Mark Coyle

Current position
- Title: Athletic director
- Team: Minnesota
- Conference: Big Ten

Biographical details
- Born: Waterloo, Iowa, U.S.
- Alma mater: Drake University Florida State University

Playing career

football
- 1987–1991: Drake

Administrative career (AD unless noted)
- 2001–2005: Minnesota (associate AD)
- 2006–2011: Kentucky (deputy AD)
- 2011–2015: Boise State
- 2015–2016: Syracuse
- 2016–present: Minnesota

= Mark Coyle =

American athletic director (born 1969)

Mark Coyle is the 23rd director of athletics at the University of Minnesota, replacing Norwood Teague. He resigned as the athletics director at Syracuse University in May 2016 after spending only 11 months with the Syracuse Orange.

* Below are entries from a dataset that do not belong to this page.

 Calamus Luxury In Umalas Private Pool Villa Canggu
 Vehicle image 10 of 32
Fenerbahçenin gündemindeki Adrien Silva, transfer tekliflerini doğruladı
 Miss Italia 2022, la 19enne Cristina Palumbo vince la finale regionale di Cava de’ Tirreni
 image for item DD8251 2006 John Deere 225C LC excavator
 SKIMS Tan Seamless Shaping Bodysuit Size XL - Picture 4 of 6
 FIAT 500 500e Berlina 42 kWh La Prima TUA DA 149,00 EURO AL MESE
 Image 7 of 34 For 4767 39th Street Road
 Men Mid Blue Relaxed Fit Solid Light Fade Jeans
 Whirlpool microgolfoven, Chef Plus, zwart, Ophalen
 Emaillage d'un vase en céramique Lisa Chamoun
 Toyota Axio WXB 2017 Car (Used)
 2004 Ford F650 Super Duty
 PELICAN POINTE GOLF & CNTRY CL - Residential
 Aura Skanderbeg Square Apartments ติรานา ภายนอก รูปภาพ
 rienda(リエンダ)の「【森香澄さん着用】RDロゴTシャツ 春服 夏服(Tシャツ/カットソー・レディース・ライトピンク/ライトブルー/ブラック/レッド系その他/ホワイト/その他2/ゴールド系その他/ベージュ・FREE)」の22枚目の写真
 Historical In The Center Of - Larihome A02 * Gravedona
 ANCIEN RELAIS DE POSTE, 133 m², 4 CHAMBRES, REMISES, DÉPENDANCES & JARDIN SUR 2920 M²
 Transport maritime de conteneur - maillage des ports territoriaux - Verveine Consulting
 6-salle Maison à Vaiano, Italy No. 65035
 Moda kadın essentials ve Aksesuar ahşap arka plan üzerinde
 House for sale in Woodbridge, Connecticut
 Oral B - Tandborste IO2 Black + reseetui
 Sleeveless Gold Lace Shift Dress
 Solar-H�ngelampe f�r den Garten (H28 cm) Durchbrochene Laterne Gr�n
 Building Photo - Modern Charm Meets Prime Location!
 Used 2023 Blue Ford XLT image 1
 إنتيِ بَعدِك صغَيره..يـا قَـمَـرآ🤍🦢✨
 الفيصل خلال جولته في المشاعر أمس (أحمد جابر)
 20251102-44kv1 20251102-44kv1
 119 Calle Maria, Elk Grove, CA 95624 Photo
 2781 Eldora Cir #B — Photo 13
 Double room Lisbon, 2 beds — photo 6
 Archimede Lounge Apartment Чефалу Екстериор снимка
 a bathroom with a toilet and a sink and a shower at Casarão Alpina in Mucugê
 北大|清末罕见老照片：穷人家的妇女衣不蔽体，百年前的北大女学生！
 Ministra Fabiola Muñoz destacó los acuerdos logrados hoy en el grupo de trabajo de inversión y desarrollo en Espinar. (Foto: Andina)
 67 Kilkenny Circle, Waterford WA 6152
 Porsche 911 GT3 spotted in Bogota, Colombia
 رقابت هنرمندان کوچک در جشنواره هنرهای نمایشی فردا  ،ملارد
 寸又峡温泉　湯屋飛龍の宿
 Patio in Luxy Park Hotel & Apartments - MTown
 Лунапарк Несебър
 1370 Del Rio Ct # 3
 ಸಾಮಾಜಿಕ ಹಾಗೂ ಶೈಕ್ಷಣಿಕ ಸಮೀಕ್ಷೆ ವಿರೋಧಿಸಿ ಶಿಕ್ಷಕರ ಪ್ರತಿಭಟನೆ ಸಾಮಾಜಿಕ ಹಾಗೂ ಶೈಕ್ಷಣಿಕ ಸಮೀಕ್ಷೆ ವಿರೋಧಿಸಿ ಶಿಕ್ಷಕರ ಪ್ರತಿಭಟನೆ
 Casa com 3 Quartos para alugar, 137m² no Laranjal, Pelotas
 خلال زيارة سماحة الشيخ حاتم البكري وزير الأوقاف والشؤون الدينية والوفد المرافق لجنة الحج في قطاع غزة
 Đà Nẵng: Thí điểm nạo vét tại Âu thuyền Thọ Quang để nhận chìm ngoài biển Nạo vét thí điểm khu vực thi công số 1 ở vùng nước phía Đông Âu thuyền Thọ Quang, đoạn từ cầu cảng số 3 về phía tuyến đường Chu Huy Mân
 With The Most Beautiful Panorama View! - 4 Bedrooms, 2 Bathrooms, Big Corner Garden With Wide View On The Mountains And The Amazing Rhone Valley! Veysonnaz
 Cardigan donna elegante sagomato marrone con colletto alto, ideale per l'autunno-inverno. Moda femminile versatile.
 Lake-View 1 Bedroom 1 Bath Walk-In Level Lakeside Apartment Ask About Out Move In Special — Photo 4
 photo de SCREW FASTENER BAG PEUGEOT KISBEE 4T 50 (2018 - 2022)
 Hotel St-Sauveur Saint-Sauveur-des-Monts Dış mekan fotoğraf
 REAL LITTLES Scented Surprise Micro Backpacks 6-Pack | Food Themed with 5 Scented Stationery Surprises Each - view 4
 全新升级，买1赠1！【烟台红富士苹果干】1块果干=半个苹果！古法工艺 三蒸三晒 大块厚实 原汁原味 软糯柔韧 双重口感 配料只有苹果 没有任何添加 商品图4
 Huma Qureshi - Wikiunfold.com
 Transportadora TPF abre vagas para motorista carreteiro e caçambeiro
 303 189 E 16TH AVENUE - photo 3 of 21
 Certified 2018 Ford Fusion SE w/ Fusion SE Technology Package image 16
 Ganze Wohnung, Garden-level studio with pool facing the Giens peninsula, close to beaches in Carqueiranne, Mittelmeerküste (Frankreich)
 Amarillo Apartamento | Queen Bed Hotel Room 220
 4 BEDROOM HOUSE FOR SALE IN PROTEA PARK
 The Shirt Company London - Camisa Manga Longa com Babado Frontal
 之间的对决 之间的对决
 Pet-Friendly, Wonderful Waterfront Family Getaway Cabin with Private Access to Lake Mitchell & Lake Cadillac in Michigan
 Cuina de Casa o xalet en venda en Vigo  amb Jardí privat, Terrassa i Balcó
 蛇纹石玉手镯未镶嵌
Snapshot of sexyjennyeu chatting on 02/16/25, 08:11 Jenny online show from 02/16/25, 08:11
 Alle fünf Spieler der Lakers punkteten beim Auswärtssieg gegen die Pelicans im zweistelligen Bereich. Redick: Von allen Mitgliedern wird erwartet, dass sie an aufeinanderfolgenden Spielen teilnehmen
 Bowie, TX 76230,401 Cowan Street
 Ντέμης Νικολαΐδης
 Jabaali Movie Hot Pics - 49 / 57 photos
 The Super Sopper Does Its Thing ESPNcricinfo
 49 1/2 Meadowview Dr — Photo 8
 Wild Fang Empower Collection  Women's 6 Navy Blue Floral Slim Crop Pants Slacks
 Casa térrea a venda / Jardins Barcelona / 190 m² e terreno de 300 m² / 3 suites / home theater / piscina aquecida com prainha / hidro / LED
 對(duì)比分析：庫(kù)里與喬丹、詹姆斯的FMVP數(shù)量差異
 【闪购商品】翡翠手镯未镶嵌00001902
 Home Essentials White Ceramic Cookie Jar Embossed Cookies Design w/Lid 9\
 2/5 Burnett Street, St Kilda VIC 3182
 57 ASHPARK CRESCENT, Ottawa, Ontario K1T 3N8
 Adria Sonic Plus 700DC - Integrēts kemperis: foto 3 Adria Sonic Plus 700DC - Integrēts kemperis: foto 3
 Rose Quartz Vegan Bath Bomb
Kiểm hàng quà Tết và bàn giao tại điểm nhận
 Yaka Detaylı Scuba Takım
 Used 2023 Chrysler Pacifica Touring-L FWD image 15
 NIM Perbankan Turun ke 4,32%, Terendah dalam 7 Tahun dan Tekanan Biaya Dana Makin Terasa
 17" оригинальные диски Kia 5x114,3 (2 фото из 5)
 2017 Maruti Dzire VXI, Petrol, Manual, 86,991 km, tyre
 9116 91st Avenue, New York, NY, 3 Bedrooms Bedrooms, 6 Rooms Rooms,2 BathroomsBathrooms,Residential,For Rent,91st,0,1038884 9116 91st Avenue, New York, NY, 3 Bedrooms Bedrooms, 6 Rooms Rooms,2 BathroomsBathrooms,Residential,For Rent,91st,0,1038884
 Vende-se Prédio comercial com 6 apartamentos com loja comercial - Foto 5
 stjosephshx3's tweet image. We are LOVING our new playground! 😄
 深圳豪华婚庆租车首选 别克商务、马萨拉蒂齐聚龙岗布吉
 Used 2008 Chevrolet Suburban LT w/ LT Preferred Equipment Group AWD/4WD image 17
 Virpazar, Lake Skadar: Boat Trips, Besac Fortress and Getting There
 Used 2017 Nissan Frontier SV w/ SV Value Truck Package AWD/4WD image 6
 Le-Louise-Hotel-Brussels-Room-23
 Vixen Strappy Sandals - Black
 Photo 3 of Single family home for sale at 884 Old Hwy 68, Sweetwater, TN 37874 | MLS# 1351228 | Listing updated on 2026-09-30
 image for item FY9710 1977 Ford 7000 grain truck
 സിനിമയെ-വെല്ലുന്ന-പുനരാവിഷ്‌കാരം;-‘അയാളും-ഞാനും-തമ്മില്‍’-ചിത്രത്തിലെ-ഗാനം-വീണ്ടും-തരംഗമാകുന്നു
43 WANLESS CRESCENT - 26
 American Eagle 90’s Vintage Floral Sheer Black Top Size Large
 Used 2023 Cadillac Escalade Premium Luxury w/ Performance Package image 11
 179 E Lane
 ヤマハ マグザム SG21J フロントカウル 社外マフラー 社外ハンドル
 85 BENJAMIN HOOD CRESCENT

Prior to this position, Coyle was the athletics director at Boise State University (2011–15), a deputy athletics director at the University of Kentucky (2006–11), and an associate athletics director at Minnesota (2001–05).

==Career==
At Syracuse, two of his programs won national titles and five won ACC championships. Prior to that, at Boise State, 18 Broncos teams posted record GPAs on the way to claiming 12 conference championships.

At Minnesota, he received a multi-year contract extension running through June 2026.

==Personal life==
Coyle grew up in Waterloo, Iowa and graduated from the Columbus High School in 1987. He started wide receiver for the Sailors and was on the 1986 State Football 3A Championship team. He played football for Drake University, where he graduated with a bachelor’s degree in English in 1991. He earned his master's degree in teaching from Drake in 1992 and a master's degree in sports administration from Florida State University in 1993.

Coyle and his wife Krystan have three children, Grace, Nicholas and Benjamin and live in St. Paul.